CHAPTER 4: Dulcimers in the British Isles since 1800 > Dulcimers in Scotland

Jimmy Cooper

- interviewed by Alan Ward in Traditional Music, No.7, mid-1977 - 1 of 11

This was not part of the 1976 thesis, but was added in 2002

The great dulcimer player from Coatbridge near Glasgow tells his own life story.

Learning & busking

"Well, I started to play the dulcimer when I was about 12 year old, that's away about 1918-19. I played myself to learn the job. It was a great instrument during that time in Glasgow way back from the 1900s. 'Cause I remember when I was at school, there was a man used to come round the school with his dulcimer, and it was really my older brothers after the First World War that decided to make one, and that started it. See they used to play it but I wouldn't get touching it - I was only young then. And when they'd all gone out my mother used to tell me 'Come on up, there's nobody in', and I got stuck in! ...

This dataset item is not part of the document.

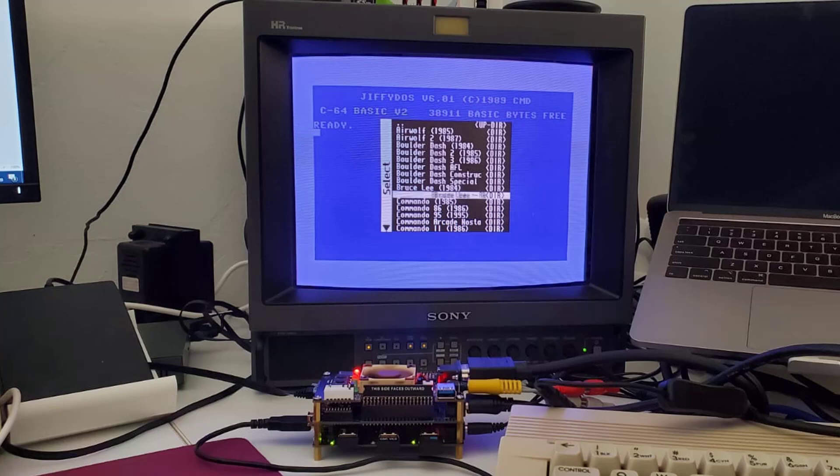The same speed issue is relevant to a real C64 device emulator, and in our case, the MiSTer. There are several speed loader solutions available. Among these are the Final Cartridge, Epic's Fast Load, and one of the most famous in the Commodore community — Jiffy DOS.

But before that I was on the penny tin-whistle - I was only about six year old, I could play that. But I was never taught music, no musical education. And we used to have open-air dancing - no money, nobody'd any money then anyway. See the place that we worked in, the houses belonged to them ironworks you see. When the works shut down about 1920-21, they got slack, they were maybe a week on and a week off. Then all the people would collect round about, and we'd have open-air dancing, and I played to it myself, the dulcimer alone, without any other accompaniment. And then some melodeon player heard about me playing it and he come down and listened and he says 'Right, I'm going to come along and make a band'. So we got together.